Add `extism-pdk` to your Cargo.toml and define plugin functions with input/output types matching your MCP tool schema. Compile to `wasm32-unknown-unknown` using `cargo build --target wasm32-unknown-unknown --release`. Publish to a private OCI registry using ORAS CLI with `oras push your-registry.internal/tool:v1.0.0 target/wasm32-unknown-unknown/release/your-plugin.wasm`. For production, sign your plugin with `cosign sign --key cosign.key your-registry.internal/tool:v1.0.0` so Hyper MCP Server can verify the artifact at load time. Configure registry credentials via Docker config or environment variables for authenticated pulls.
What is the recommended way to configure allowed_hosts and memory_limit for production deployments of Hyper MCP Server?
Adopt a principle of least privilege: enumerate specific API domains rather than wildcards in allowed_hosts, and set memory_limit conservatively based on actual workload testing.
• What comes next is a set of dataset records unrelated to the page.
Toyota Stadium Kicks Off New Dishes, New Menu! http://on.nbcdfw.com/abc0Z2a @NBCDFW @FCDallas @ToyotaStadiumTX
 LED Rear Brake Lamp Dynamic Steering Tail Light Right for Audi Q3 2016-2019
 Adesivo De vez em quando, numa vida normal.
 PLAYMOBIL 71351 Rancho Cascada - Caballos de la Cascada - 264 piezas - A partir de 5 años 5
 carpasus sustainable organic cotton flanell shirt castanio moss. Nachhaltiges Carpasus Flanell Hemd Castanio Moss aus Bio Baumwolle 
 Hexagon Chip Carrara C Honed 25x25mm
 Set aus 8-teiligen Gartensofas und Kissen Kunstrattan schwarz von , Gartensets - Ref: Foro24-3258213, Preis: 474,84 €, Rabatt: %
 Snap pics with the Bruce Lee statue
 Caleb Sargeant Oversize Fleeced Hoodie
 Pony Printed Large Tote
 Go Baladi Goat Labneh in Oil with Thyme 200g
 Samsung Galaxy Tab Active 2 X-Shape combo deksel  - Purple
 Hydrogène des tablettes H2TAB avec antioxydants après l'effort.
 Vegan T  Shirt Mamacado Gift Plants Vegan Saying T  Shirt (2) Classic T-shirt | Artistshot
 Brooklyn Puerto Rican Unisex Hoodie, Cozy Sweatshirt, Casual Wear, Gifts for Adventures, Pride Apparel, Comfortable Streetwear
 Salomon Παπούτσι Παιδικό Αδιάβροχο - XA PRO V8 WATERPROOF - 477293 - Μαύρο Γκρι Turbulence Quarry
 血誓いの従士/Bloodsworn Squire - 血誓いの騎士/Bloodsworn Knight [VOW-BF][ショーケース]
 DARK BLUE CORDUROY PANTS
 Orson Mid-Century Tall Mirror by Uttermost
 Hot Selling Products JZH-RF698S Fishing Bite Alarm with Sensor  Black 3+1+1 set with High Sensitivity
Maintain separate config files per environment so development can use broader permissions while production enforces stricter boundaries. Monitor WASM runtime errors to identify when plugins hit memory caps or attempt blocked network calls, then adjust deliberately. Consider running separate Hyper MCP Server instances with distinct configs to isolate high-risk third-party tools from internal utilities. Document every allowed_hosts entry with a business justification and review quarterly.